Factoring: Can be tricky. When factoring, you must think of the whole numbers separate from the exponents.

With the whole numbers you are going to look for a common multiple. (A number that can go into all whole numbers in an equation). In this case 2 and 6. We find that 2 is a common multiple. We are going to divide each number by the common multiple and write it as if it would need to be multiplied back in.

Example: 2(1+3)

Now, we can look at the exponents.

With exponents, we will find the lowest exponent, put it on the outside of the parentheses and subtract it from all exponents, leaving the remainder inside the parentheses.

In this case y^3+y^2

Example: y^2(y^1+0), note the zero in this case is to just hold the place, usually you would place a one there in order to multiply it back out.
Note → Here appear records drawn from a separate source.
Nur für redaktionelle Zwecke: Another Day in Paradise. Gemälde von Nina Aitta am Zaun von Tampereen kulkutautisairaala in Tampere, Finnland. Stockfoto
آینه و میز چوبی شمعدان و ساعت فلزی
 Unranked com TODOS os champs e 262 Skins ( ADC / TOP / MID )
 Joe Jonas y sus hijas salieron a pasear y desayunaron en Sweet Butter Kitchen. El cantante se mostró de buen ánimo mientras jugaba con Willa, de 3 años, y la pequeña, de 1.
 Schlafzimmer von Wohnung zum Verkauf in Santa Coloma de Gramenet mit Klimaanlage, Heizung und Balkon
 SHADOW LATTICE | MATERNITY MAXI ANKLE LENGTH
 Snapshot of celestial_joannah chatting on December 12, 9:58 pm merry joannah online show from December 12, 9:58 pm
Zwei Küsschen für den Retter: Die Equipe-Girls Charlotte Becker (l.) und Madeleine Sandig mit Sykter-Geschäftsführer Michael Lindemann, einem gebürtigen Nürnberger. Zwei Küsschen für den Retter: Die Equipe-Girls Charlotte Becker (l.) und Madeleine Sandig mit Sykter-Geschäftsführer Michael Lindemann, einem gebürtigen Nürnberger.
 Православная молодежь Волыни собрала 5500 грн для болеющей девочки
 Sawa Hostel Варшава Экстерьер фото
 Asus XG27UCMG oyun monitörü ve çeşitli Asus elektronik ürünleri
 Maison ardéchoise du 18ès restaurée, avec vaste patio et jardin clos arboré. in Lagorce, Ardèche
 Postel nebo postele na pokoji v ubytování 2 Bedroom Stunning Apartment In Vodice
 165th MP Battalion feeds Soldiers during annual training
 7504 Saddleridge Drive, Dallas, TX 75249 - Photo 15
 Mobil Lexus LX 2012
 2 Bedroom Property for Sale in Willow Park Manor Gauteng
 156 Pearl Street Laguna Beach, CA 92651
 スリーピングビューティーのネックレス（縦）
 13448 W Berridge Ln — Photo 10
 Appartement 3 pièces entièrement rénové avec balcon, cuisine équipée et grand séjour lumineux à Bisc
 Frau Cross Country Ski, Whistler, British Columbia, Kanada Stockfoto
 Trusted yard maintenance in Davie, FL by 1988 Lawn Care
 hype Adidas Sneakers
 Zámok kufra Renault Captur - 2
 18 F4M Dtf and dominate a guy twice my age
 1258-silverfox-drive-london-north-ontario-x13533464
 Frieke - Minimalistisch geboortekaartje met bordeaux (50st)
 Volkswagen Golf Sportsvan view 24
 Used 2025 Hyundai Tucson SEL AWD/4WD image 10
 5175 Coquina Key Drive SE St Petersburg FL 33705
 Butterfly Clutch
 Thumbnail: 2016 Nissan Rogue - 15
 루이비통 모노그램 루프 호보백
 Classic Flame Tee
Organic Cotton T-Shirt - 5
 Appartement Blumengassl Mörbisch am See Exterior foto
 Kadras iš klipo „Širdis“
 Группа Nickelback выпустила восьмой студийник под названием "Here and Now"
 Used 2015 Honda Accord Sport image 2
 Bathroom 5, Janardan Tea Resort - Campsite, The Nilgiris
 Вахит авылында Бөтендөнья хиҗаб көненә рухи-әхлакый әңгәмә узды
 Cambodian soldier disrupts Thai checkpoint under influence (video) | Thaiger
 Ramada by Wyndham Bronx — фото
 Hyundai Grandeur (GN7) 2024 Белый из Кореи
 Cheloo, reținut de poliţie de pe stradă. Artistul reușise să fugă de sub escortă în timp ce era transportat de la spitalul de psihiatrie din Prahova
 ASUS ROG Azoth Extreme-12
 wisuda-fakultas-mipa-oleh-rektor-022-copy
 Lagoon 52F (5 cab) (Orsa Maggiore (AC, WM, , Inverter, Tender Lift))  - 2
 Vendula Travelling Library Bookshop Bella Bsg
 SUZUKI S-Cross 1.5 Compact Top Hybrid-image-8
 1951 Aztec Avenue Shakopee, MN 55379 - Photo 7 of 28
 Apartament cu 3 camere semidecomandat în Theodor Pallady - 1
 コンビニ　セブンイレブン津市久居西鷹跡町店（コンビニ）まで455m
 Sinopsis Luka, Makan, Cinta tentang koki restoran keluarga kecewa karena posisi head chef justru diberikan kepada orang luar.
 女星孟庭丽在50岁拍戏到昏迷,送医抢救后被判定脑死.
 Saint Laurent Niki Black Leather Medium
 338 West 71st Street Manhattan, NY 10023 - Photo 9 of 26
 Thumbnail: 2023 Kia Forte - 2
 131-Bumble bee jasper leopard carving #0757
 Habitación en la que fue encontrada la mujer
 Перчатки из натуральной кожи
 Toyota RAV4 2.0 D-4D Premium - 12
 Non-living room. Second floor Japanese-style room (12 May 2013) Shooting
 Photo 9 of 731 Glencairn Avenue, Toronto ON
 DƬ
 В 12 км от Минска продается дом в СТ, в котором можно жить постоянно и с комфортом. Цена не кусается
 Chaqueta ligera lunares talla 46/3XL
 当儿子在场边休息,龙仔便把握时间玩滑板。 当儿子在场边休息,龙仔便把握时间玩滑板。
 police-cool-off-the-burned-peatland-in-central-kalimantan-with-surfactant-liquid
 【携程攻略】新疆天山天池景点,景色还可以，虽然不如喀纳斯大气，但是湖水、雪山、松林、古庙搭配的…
Now let's put the whole numbers and exponents together.

2(1+3)

y^2(y+0), note y with no exponent is understood to be to the first power.

____________

2y^2(y+3), note y standing alone is understood to be 1y 

When multiplied back together, you have: 2y^2 * y + 2y^2 * 3 = 2y^3+6y^2

Whole number multiply together, exponents add together.

When factoring you do the opposite, divide and subtract.

aⁿ
"a"  is base
"n"  is exponent
Some properties of exponent with the same base:
a⁰ = 1
a^m · aⁿ = a^m+n
a^m ÷ aⁿ = a^{m - n} 
ab ± ac = a(b ± c) - distributive property of multiplication.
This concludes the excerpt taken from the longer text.